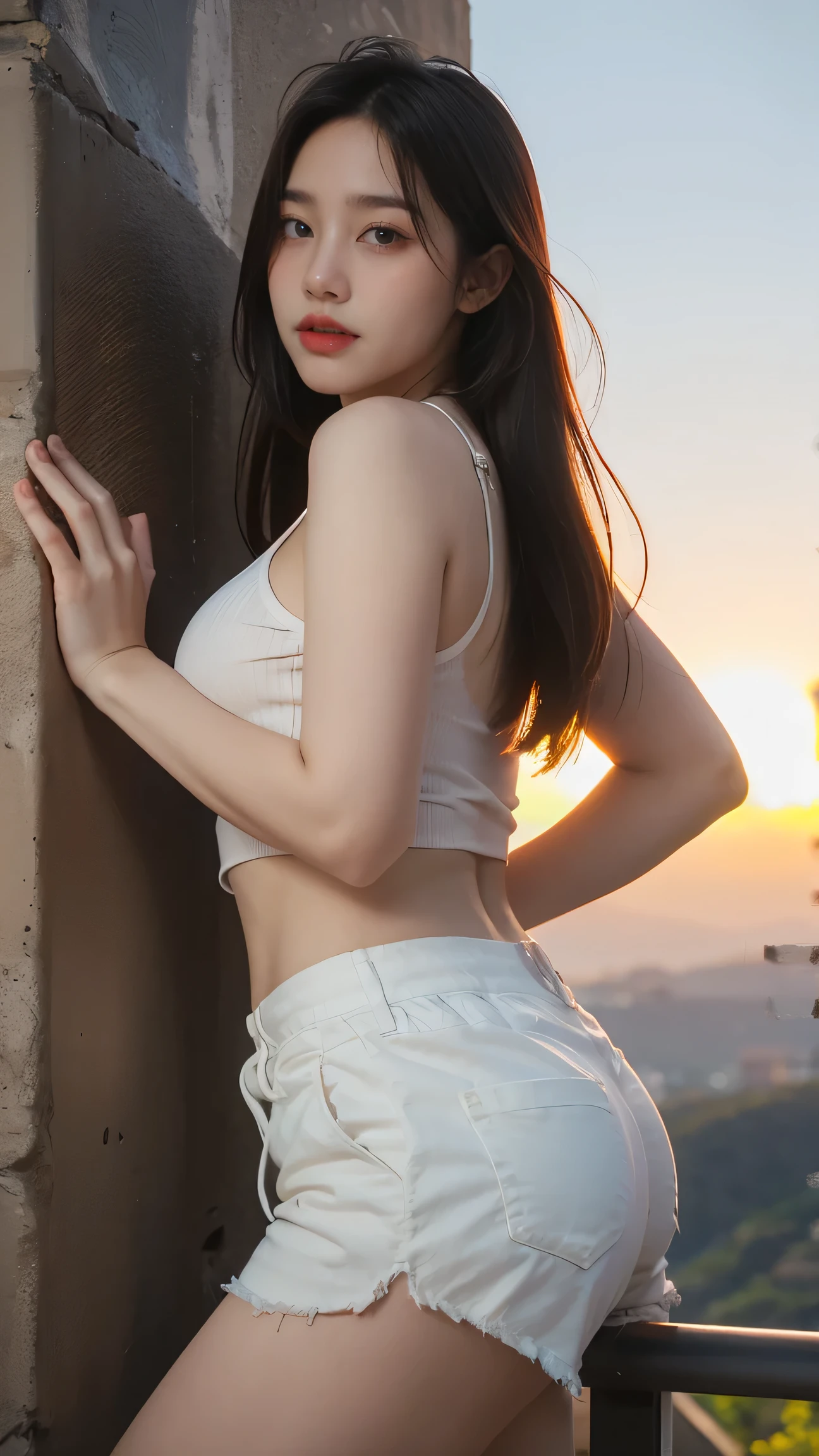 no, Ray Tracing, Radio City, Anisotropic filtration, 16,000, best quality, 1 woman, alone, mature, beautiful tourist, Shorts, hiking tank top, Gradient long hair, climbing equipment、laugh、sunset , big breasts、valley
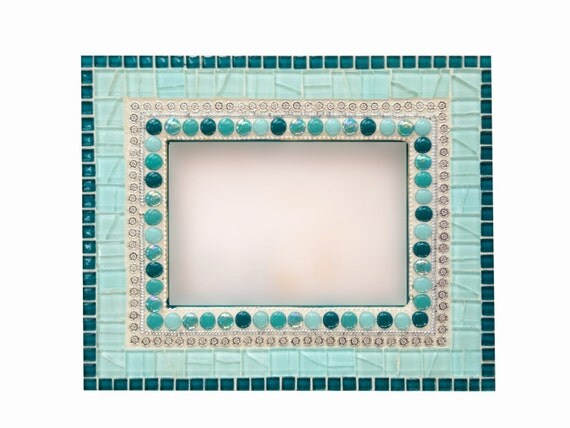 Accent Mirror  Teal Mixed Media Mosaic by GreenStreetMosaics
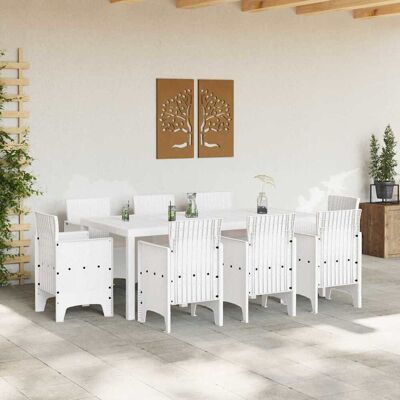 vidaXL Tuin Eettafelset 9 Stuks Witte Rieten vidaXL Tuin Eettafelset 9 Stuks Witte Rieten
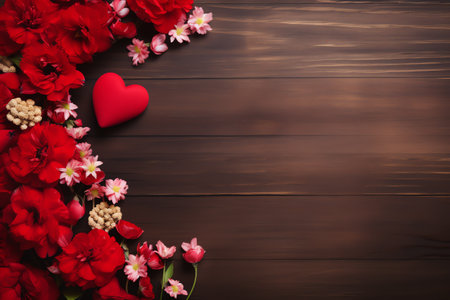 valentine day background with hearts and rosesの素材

******************************

Task item →
Omit the pictures, then quote the rest of the material above exactly.

Reply →
 no, Ray Tracing, Radio City, Anisotropic filtration, 16,000, best quality, 1 woman, alone, mature, beautiful tourist, Shorts, hiking tank top, Gradient long hair, climbing equipment、laugh、sunset , big breasts、valley
 Accent Mirror  Teal Mixed Media Mosaic by GreenStreetMosaics
 vidaXL Tuin Eettafelset 9 Stuks Witte Rieten vidaXL Tuin Eettafelset 9 Stuks Witte Rieten
 valentine day background with hearts and rosesの素材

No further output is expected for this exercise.